The pianism is superb.


RACHMANINOFF Symphonic Dances. STRAVINSKY The Rite of Spring Malcolm Wilson, Philip Martin (pn) SOMM 098 (65:54)

Though both of the works on this recital are best known in their orchestral versions, it was the respective composers themselves who wrote the Read more arrangements heard on the current recording. Upon first listening to the performances here, I missed the orchestral color that is so much a part of these works. Who could imagine the magical, otherworldly bassoon opening of Stravinsky’s ballet on the piano? Malcolm Wilson and Philip Martin, that’s who. And what a marvelous job they do in revealing the details of this ever-enchanting work. They bring with them the refinement and classical grace to handle the minutiae of this masterwork, often illuminating voices that one could only imagine had been there all along. They capture well the excitement of the rhythmic drive, and bring with them color galore, so that one need never miss the orchestral incarnations. This is chamber music-making of the highest caliber. Rachmaninoff’s Symphonic Dances fare equally well. The two players capture the dance character of these pieces to a tee. Though some may want a bit more from the players—for instance, at the appearance of the Dies irae theme in the last of the dances, where the players might be a bit reserved for some—they never bring less than all of their best abilities and good taste to the music. Though I would never want to be without my favorite orchestral recordings of both of these masterworks, the performances here carry all the flair and panache that one could ask for in this music. Recommended without reservations.

FANFARE: Scott Noriega

Rachmaninov conceived the two piano and orchestral versions of his Symphonic Dances simultaneously, so neither is an arrangement of the other. Indeed, both versions work so well that when listening to one version you never miss the other, so complete in itself is the text. This is Rachmaninov’s final work, from a compositional career which was severely curtailed by his life as a travelling virtuoso concert pianist. The strength and power of this work makes one all the more disappointed that because of his necessity to earn a living as a pianist we were robbed of so many other works which could have been written. But whatever one’s frustration, Rachmaninov certainly gives the public a work of some substance, and he goes out in a veritable blaze of glory.

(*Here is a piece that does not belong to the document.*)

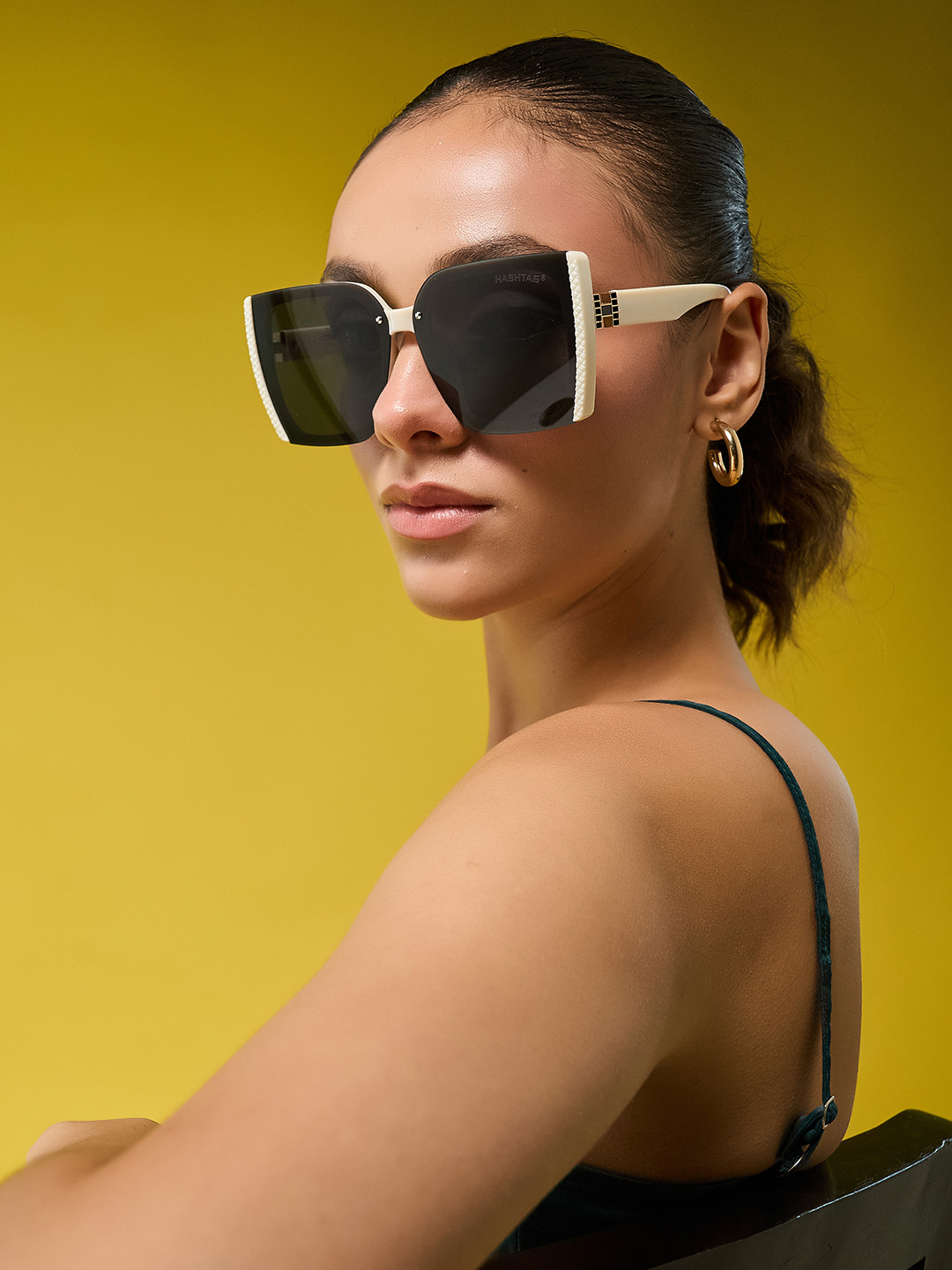 HASHTAG EYEWEAR Women Square Sunglasses with UV Protected Lens 58013-C4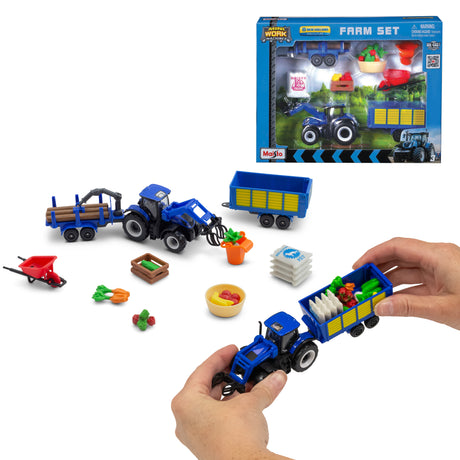 MINI WORKING MACHINES - FARM SET NEW HOLLAND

The Symphonic Dances is a great work and it requires pianists of stature, not to mention stamina; Wilson and Martin are well up to the challenge. This is a fine performance but it’s all a bit too polite. There are times, such as the climax of the second movement waltz, or the appearance of the Dies Irae in the final dance, where the music should have a wild abandon. It just doesn’t happen here. Ashkenazy and Previn are much to be preferred here for their performance is rip-roaring, no-holds-barred (Decca 444 8452 6 - a 2 CD set containing all the music for two pianos and a few solos from Ashkenazy for good measure).

Le Sacre is so obviously an orchestral work - it fascinates as much for its orchestration as for its content. It takes great insight and intelligence to make sense of this music on two pianos. Oddly what I find missing from their performance of the Symphonic Dances is exactly what makes this performance of Le Sacre so interesting. With marvellous understatement, or is it British reserve?, Wilson and Martin give a sensible and clear-cut performance, allowing individual voices to be heard, and never going over-the-top or descending into melodrama. It’s rhythmically vital and very exciting.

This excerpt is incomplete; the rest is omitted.